In the same way, if the government is forcing us to do something that is clearly against God’s will, then we should stand up against it and disobey. It follows then, that we should also be willing to suffer the consequences of that disobedience. In 1 Peter 3:17 Peter gave the “formula” that it is OK to suffer for doing good, not evil. When we disobey, we must be careful that we don’t disobey God’s will. We must do it in ways that will honor Him. As example, blowing up abortion clinics is not a godly way to stand up to a law that allows evil. In fact, that is a bad example because the government isn’t forcing us to have abortions. Picketing is a better solution, but even one picketer doing it with hate and condemnation rather than pointing to a way to save the baby is out of line with God’s will.
But if you have doubts about whether or not you should eat something, you are sinning if you go ahead and do it.
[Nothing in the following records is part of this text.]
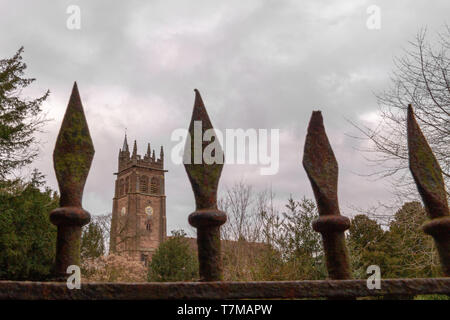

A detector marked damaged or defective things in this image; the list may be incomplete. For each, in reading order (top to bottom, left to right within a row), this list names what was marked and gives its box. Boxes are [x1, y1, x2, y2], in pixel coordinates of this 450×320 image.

rust on metal [49, 81, 94, 278]
rust on metal [184, 89, 227, 282]
rusty metal fence [0, 83, 448, 300]
rust on metal [1, 278, 448, 302]
rust on metal [302, 110, 352, 280]
rust on metal [406, 104, 448, 276]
For you are not following your convictions. If you do anything you believe is not right, you are sinning. (Rom 14:23 NLT)
Is the law that says a flower shop or bakery that caters wedding must not decline their services for a gay wedding something that Christians must disobey? Certainly, the biblical pattern for marriage is only between one man and one woman. Does this give us the right to refuse our business to those who violate the Bible’s moral standard? The same question applies to renting to unmarried couples, gay or straight. In most states, it is illegal to refuse.
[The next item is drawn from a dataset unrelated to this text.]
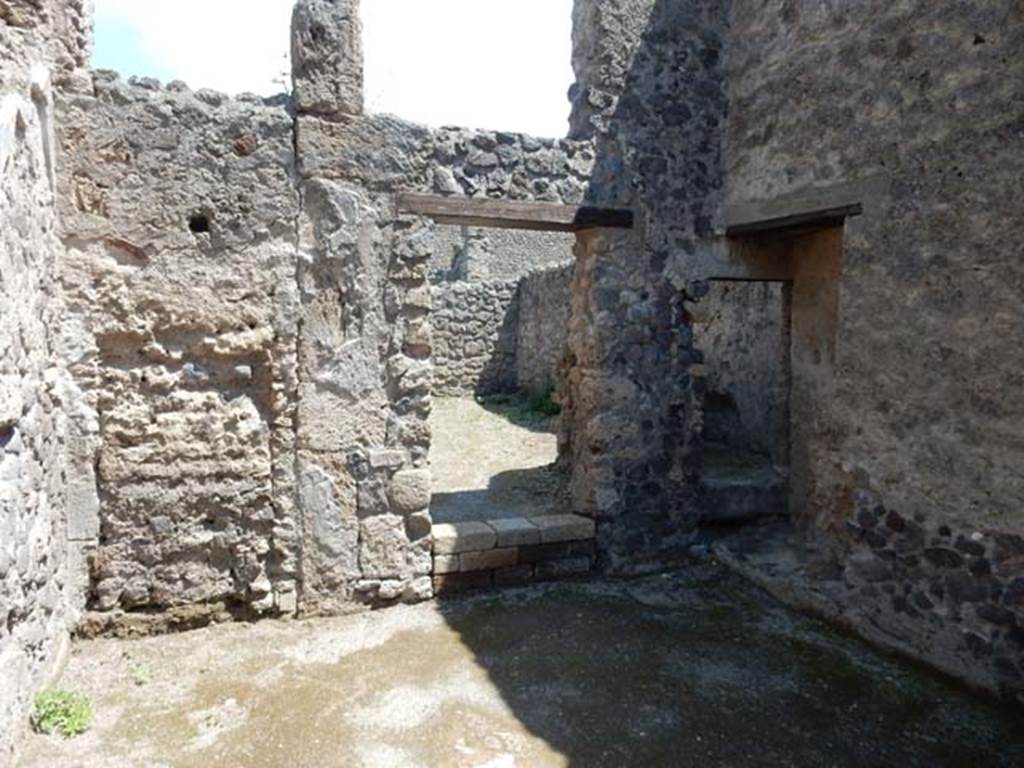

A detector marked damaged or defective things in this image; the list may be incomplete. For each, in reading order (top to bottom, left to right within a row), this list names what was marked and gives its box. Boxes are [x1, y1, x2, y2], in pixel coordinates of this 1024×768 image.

broken wall [1, 0, 92, 756]
broken wall [724, 1, 1024, 696]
This issue is different from refusing to do something that is clearly against God’s law. Based on 1 Corinthians 5:9-12, one Christian may believe that renting to cohabiters is not engaging in their sin and catering a gay wedding is not engaging in their sin. Rather it is simply living and operating among sinful people. It may be an opportunity to witness the truth of the gospel to them, in which case, they may decline to engage your services. However, another Christian may honestly believe that such participation is condoning and therefore encouraging sin and refuse to provide the services. They look at Romans 14:23 and believe that it is a sin for them to help in any way. For that person, it is a sin if their conscience has convicted them. In the first example, that person may see it as a sin to refuse to serve because it would mean losing an opportunity to witness.
The Lord is with me; I will not be afraid. What can man do to me? (Ps 118:6 NIV)
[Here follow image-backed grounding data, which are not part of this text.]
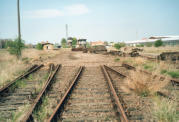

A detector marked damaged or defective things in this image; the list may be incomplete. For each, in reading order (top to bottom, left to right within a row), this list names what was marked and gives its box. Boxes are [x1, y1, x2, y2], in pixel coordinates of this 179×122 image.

rusty rail track [0, 64, 43, 94]
rusty rail track [21, 64, 60, 121]
rusty rail track [47, 66, 84, 121]
rusty rail track [100, 66, 129, 122]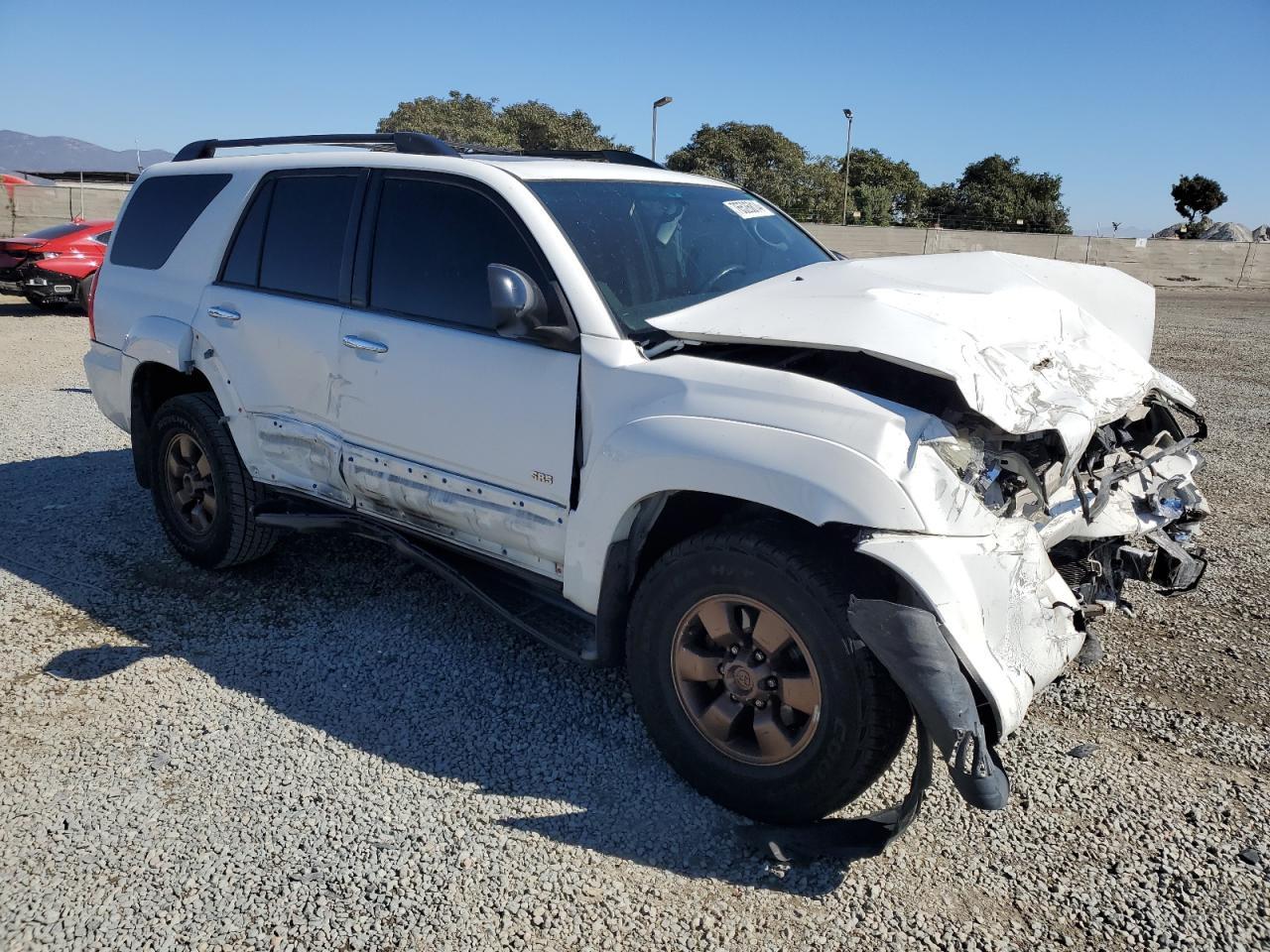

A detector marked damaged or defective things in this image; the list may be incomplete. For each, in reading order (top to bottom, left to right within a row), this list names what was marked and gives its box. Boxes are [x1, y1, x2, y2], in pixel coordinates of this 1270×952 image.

crumpled hood [650, 251, 1194, 472]
torn metal panel [342, 441, 572, 581]
damaged white suv [81, 132, 1208, 832]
It is much harder to determine when a Christian should rebel against authority than we often think. The one thing we need to make sure is that we don’t rebel against God. Jeroboam’s problem is that he feared people more than he feared God. Before we act in non-violent rebellion against ungodly laws or regimes, we need to fully understand the biblical principles or we may find ourselves on the wrong side of the issue.